[personal profile] mlr


IsraelIsrael went with me this year to B.P. for Memorial Day Weekend. We had a good time together, and I usually acceded to his desire for less rather than more contact with the group - though we did manage a few encounters. One I still can feel was the prolonged bear-hugs I received from a studly midwesterner at Steamworks. His embraces combined with the very hot water had a chiropractic effect.
 
I had the pleasure of meeting the affable [livejournal.com profile] muckefuck, who was warmer than I expected. With Albrecht Dürer hair, a serious demeanor, and a sense of drama he could easily nab the part of the Paschal Lamb Himself at Oberammergau. It was also nice to meet [livejournal.com profile] aadroma.
 
The Art Institute had a Matisse exhibition which we saw both Friday and Monday. I'm glad we went back. Besides being quietly radiant, it had a subtle organization that I was only cognizant of the second time through. I think the idea was to showcase the A.I.'s large Bathers of 1913-1917 with work that might have logically led up to its painting. It was a successful plan. Matisse repeated not only pictorial composition, but grouping, models, patterns, and colors from one work to another - obsessing over the same material till he had reduced the composition to a few elegant but crucial lines, and the colors to their fundamental essence. The Bathers was hung toward the end of the exhibition.

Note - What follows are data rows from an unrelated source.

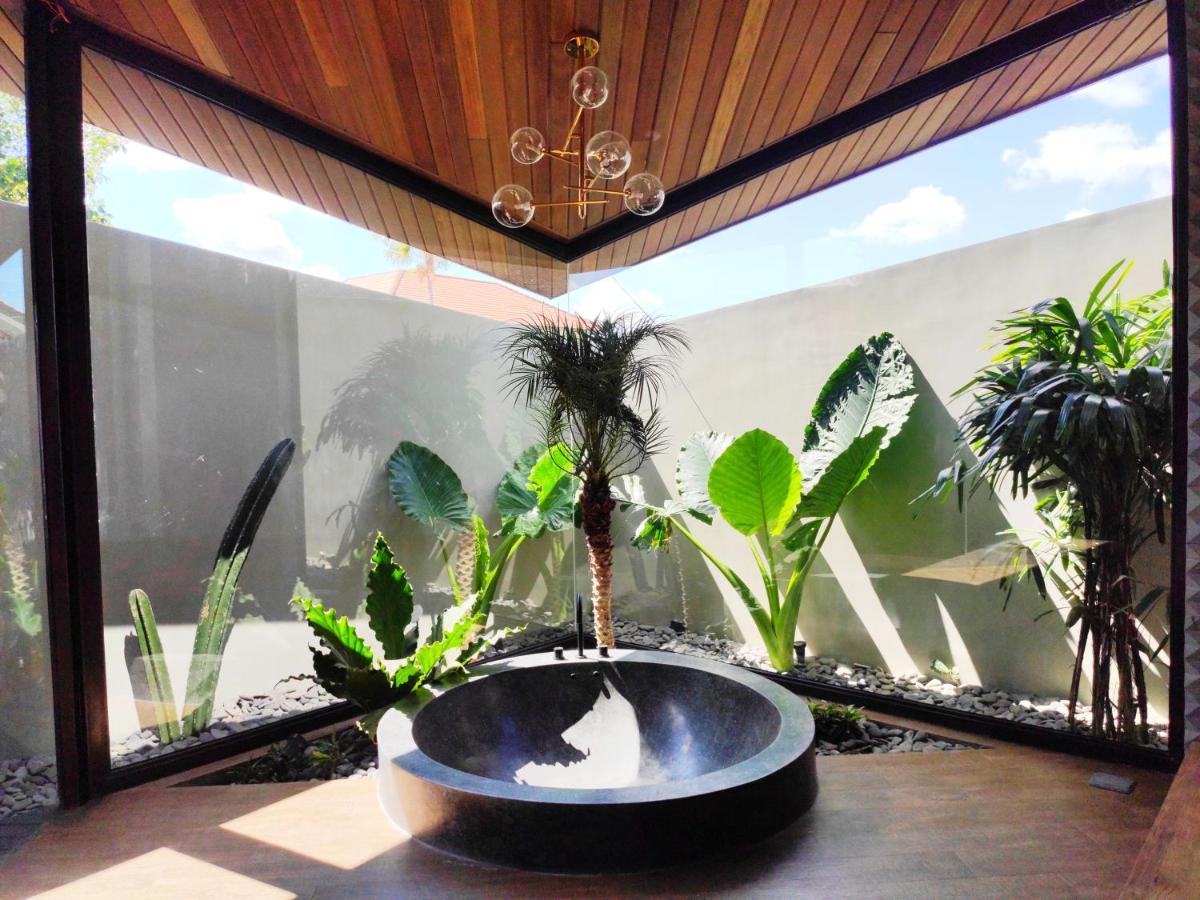 Villa Feh Bali By House Of Winds - Neo Tropical Eden Near Canggu Kerobokan Εξωτερικό φωτογραφία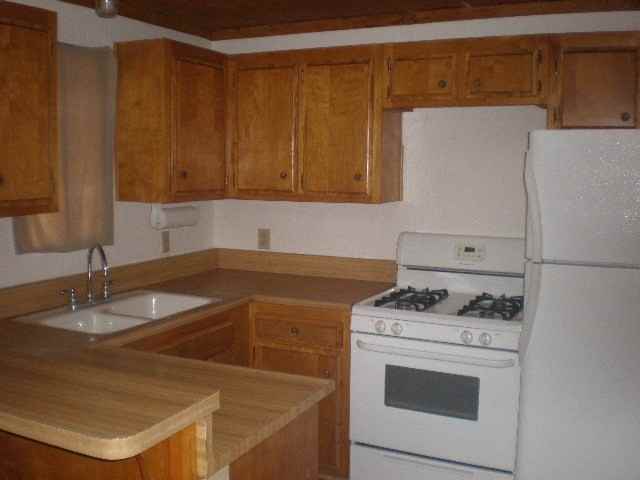 413 Wabash Ln - Photo 3 of 6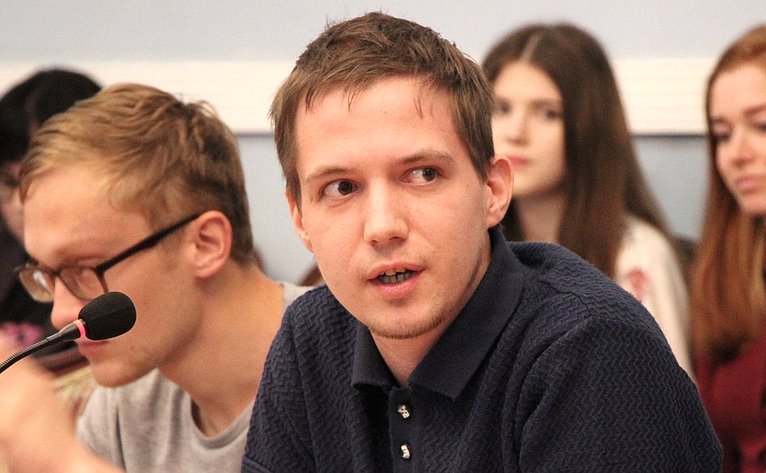 Юрий Воробьев принял участие в заседании молодежного Дискуссионного клуба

The first painting was a small Cézanne that Matisse had acquired in 1899 at great personal cost. It was also a scene of bathers. Walking through the many paintings, sculptures, and drawings between the two, it was easy to see the powerful effect this small Cézanne had on Matisse and how many of his most celebrated paintings from 1900 thru 1920 are its direct progeny. The exhibition extended the scope to other themes also suggested by the Bathers. I think it was one of the best exhibitions I have seen in a long time. It didn't have the gross and draining blockbuster effect, yet at the same time was not trifling by any means. Each piece was placed with great sensitivity to context, yet nothing seemed forced.


Millennium Park

I am always nostalgic when I have to leave Chicago. I think it is my favorite American city.